Autre surprise de taille : le plaidoyer en faveur des causes disparues, celle des conférences de la part d'un transporteur qui n'en fit jamais partie ou presque. « Monsieur Aponte a sans doute la reconnaissance du ventre. Les conférences ont peut-être fait la fortune de l'outsider pur et dur qu'était MSC, qui n'avait plus qu'à légèrement sous-coter le tarif conférence pour emporter le booking », se demande Philippe Bonnevie. Il ajoute que MSC étant principalement tourné vers la clientèle des commissionnaires de transport, il est possible que cela explique la remarque sur la recherche effrénée de 50$ à la boîte.
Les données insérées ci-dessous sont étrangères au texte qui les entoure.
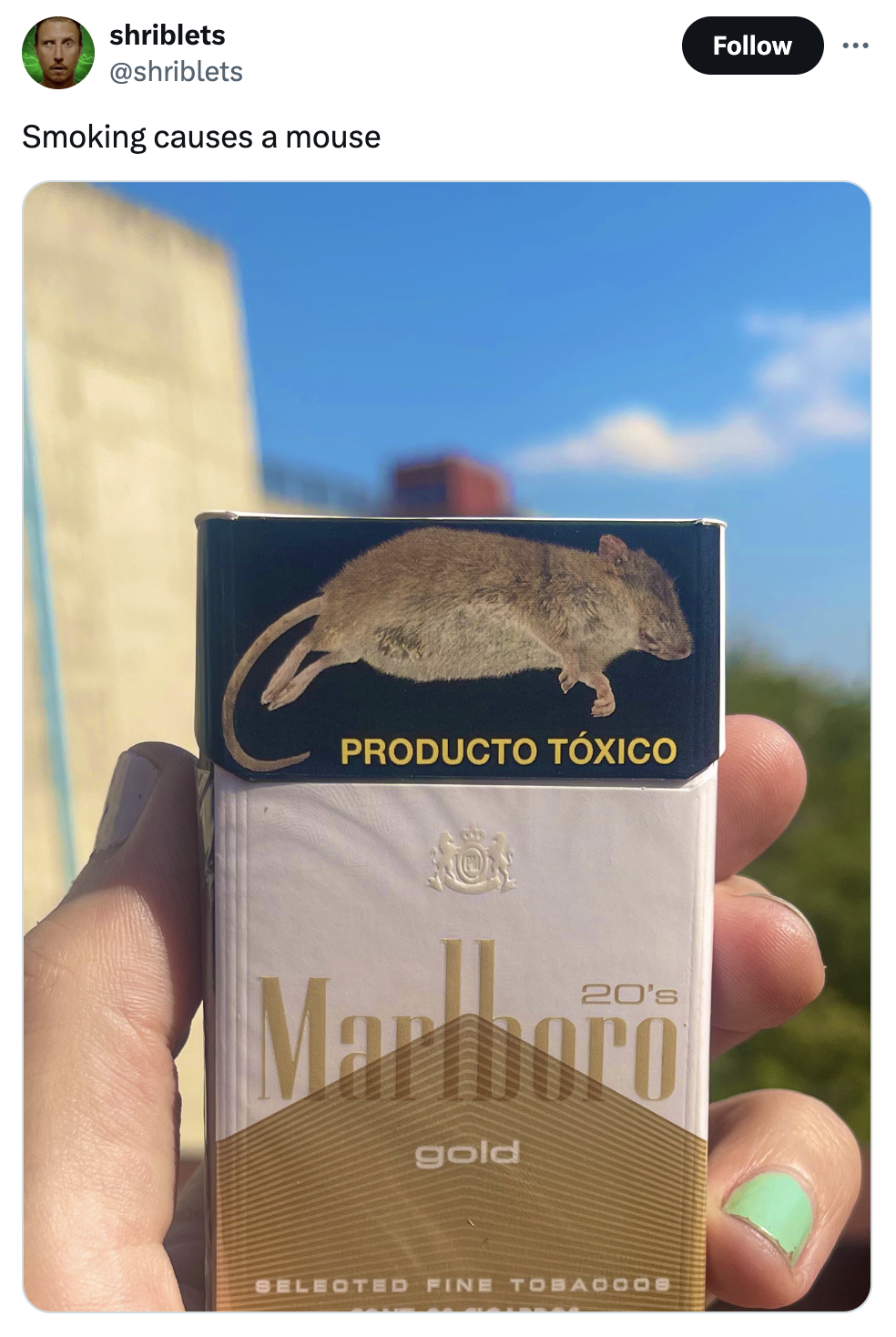 dugong - shriblets Smoking causes a mouse Producto Txico 20's Marlboro gold Selected Fine Tobadoor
Bref, le « dialogue » client-fournisseur dans la ligne régulière reste invariant.
Des moments rares
Ces déclarations sont exceptionnelles à plus d'un titre : Gianluigi Aponte s'exprime rarement en public et jamais pour critiquer ses clients. Le reproche concernant la course à la part de marché à laquelle se serait livrée MSC ne résiste pas longtemps à l'examen : Eivind Kolding, pdg de Maersk, avait prévenu que la compagnie danoise était déterminée à défendre ses parts de marchés (JMM du 13/3/2009 ; p. 10). D'autant plus que pour bénéficier des économies d'échelle générées par les plus grands porte-conteneurs, ces derniers doivent être chargés au maximum de leur capacité, faute de quoi, ils se transforment en gouffres économiques.
À qui exactement s'est adressé Gianluigi Aponte quand il souligne que MSC aura récupéré tous ses pertes en 2010 ? À ses banquiers ? MSC a bien de la chance, car selon le Lloyd's List du 3 mars, Maersk n'en dit pas autant : « 2010 sera certainement meilleure que l'année précédente. Le secteur des transports peut s'en réjouir, mais il n'a pas de quoi se vanter (not anything to brag about) », a estimé Eivind Kolding. Il est vrai que, cotée en Bourse, la compagnie danoise doit publier ses comptes, ce qui incite à la prudence.
Le gouvernement français devrait avoir une idée précise de la santé financière du groupe MSC car on ne serait imaginer qu'il assure, via la Coface, le financement du neuvième paquebot de l'un des meilleurs clients de la France, sans connaître précisément sa situation financière.